Quick experiment: batch normalisation.
Here is the result of the same 10 layer network, only the first 7 layers are batch norm:
basically exactly the same (take note of x axis).
Exploring the error
I set a breakpoint in vscode for when the error went up by more than a factor of 100, and got a breakpoint around 300e3. Here is what the ratio losses look like across the batch size of 8000:
What kind of absolutely atrocious distribution is that?
Here are what things look like for the fitness function before that, the two sided log:
well I’m not going to say that’s great, but it looks much better than the previous one. It’s clear with this too though that the loss is dominated by these outliers. inspecting them, they seem to be important as this is where the n bodies are undergoing high accelerations. Maybe if we optimised for the 0→95th percentile of losses this would work out better though and even though we would not be training on such extreme cases the model would still learn better. So many experiments!
Bringing the two training notions together
I have had two ideas about how to train these spiky functions:
- Gradually increase the spikiness of the training data over time by increasing the epsilon in 1/x^2 or similar.

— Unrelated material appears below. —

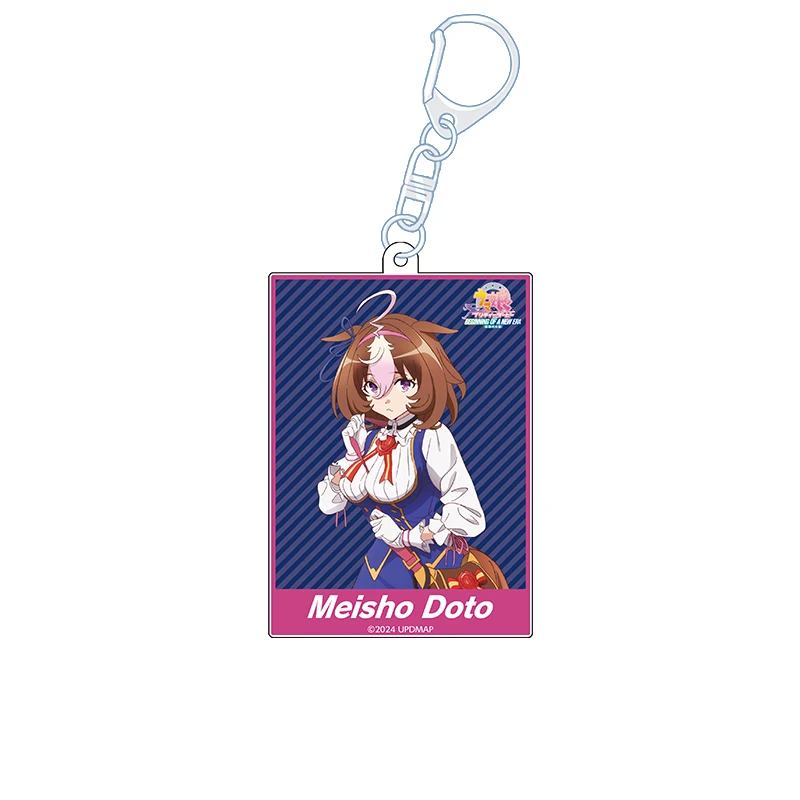 ウマ娘 プリティーダービー ジャングルポケット アグネス・タキヨン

- Reject some outlier losses to stop egregious model updates But don’t you see! Those are the same! If we we gradually update the weights over the training period from the 0th to 100th percentile of the losses, then it will by definition be learning on the easiest (smoothest) examples first! Someone must have thought of this already…
Results
Here is the loss curve from training in such a way that over the course of the training set the loss is calculated from a gradually increasing fraction of the errors, like so:
def my_loss(target, pred):
min_batch_ratio = 0.1
percentile = (epoch / epochs) * (1 - min_batch_ratio) + min_batch_ratio
ratio = (pred - target) / (1 + target.abs())
ratio_batch = torch.mean(ratio, dim=(-1, -2))
ratio_percentile = torch.quantile(torch.abs(ratio_batch), percentile)
ratio_batch = ratio_batch[ratio_batch.abs() < ratio_percentile]
return ratio_batch.abs().mean()
loss = F.l1_loss(my_loss(data_end, out), torch.zeros(1))
Well it certainly looks like something happened there. But in the simulation the bodies just fly apart. At least there were no spikes during training. Let’s take a look at what happens with the exact same setup and loss function, only difference is percentile is set to 1 always:
I suppose this isn’t really valid since the first net never even trained at all on the hard examples really. So I changed the percentile calculation to this:
min_batch_ratio = 0.1
percentile = 2 * (epoch / epochs) * (1 - min_batch_ratio) + min_batch_ratio
percentile = min(percentile, 1.0)
so that it would train on all the dataset for the last half of the training set.
So the final loss here is actually quite a bit better than the no-curriculum alternative, it looks like.
The results in the simulation are a bit interesting, they looks like this:
What if we did the opposite?
Maybe the problem is not that the datset is super fat tailed, making it difficult to train on. Maybe the problem is that the training data is 99% “objects in motion stay in motion” and 1% “actual gravitation”.
So what if we trained the net on a dataset where the bodies where experiencing high accelerations?
Here is the result of training on the ~90th percentile examples with the highest accelerations (most newtons law, least “objects in motion”), learning rate decaying from 3e-3→3e-6.
more garbage. I think I’ll give up on nbodies for now, too hard. The whole thing was supposed to be a learning exercise anyway and I think it’s run its course there.